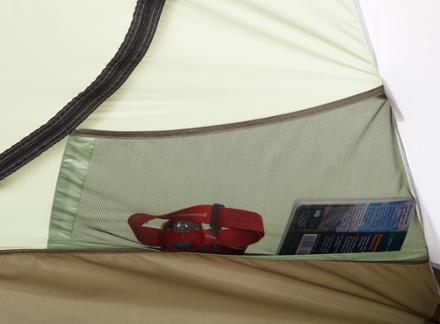 pocket with prop (Sage/Platinum)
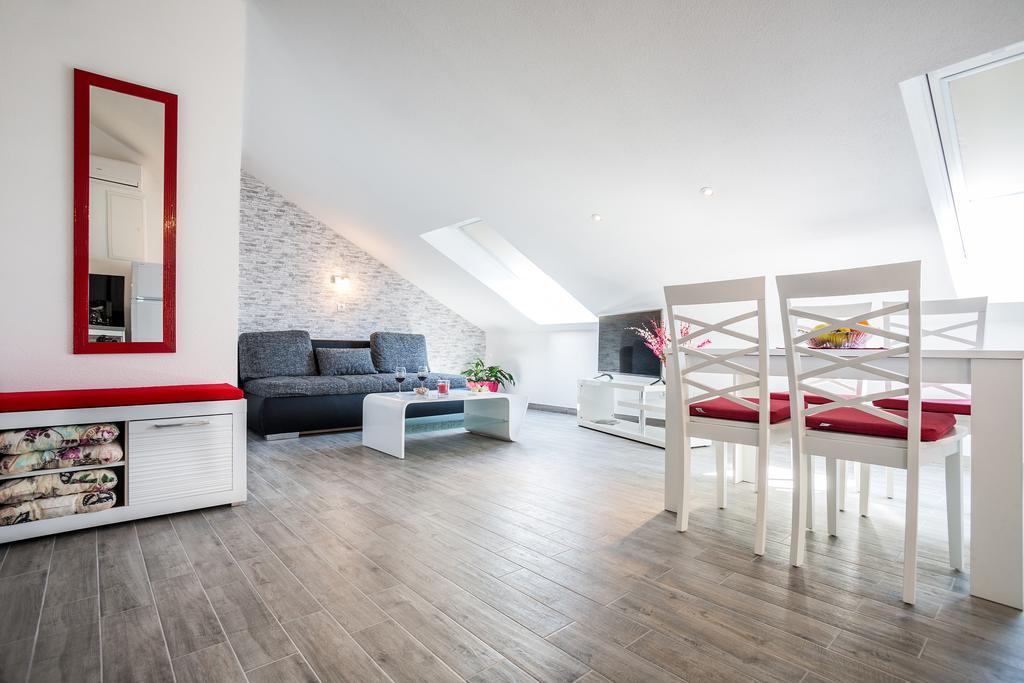 Apartments House Durdica Бол Стая снимка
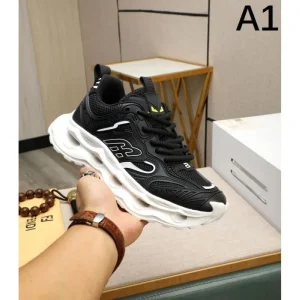 FENDI フェンデイ 続々とお目見える夏季新作 2026 メンズ用 スニーカー 商品画像 1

◆ The problem
All that is needed here is the run of lines from the one containing "Apartments House Durdica Бол Стая снимка" through the end of the material above, reproduced exactly and without pictures.

◆ Task result
 Apartments House Durdica Бол Стая снимка
 FENDI フェンデイ 続々とお目見える夏季新作 2026 メンズ用 スニーカー 商品画像 1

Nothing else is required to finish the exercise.